= WHAT TO WORK ON =
Set down exactly each line of the entries below, beginning at the one that contains "I Committed a" and ending at the last, and no others.

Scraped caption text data
● ● ● ● ●

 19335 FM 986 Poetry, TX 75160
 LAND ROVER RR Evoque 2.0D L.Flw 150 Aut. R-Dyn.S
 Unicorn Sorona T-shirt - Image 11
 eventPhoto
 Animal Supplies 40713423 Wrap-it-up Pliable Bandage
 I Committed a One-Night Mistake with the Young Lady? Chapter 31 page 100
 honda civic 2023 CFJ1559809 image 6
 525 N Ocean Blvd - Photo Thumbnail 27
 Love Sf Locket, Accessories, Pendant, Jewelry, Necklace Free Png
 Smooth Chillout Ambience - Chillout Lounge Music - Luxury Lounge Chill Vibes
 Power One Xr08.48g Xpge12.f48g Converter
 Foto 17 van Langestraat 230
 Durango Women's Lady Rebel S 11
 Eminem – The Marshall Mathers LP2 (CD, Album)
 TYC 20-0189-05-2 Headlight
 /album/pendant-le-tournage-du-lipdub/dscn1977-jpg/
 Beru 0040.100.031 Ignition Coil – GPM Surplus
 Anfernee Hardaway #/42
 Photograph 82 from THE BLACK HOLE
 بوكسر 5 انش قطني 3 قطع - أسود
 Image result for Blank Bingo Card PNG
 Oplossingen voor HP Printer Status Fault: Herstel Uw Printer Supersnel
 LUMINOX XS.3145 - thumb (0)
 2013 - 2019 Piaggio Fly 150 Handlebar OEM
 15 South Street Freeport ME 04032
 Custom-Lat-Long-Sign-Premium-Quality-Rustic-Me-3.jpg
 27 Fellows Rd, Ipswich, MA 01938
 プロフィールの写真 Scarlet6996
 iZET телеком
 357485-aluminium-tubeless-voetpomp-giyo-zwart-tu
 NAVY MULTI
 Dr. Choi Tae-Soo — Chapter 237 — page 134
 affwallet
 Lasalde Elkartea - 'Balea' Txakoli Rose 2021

● ● ● ● ●

= OUTPUT FOR THIS TASK =
 I Committed a One-Night Mistake with the Young Lady? Chapter 31 page 100
 honda civic 2023 CFJ1559809 image 6
 525 N Ocean Blvd - Photo Thumbnail 27
 Love Sf Locket, Accessories, Pendant, Jewelry, Necklace Free Png
 Smooth Chillout Ambience - Chillout Lounge Music - Luxury Lounge Chill Vibes
 Power One Xr08.48g Xpge12.f48g Converter
 Foto 17 van Langestraat 230
 Durango Women's Lady Rebel S 11
 Eminem – The Marshall Mathers LP2 (CD, Album)
 TYC 20-0189-05-2 Headlight
 /album/pendant-le-tournage-du-lipdub/dscn1977-jpg/
 Beru 0040.100.031 Ignition Coil – GPM Surplus
 Anfernee Hardaway #/42
 Photograph 82 from THE BLACK HOLE
 بوكسر 5 انش قطني 3 قطع - أسود
 Image result for Blank Bingo Card PNG
 Oplossingen voor HP Printer Status Fault: Herstel Uw Printer Supersnel
 LUMINOX XS.3145 - thumb (0)
 2013 - 2019 Piaggio Fly 150 Handlebar OEM
 15 South Street Freeport ME 04032
 Custom-Lat-Long-Sign-Premium-Quality-Rustic-Me-3.jpg
 27 Fellows Rd, Ipswich, MA 01938
 プロフィールの写真 Scarlet6996
 iZET телеком
 357485-aluminium-tubeless-voetpomp-giyo-zwart-tu
 NAVY MULTI
 Dr. Choi Tae-Soo — Chapter 237 — page 134
 affwallet
 Lasalde Elkartea - 'Balea' Txakoli Rose 2021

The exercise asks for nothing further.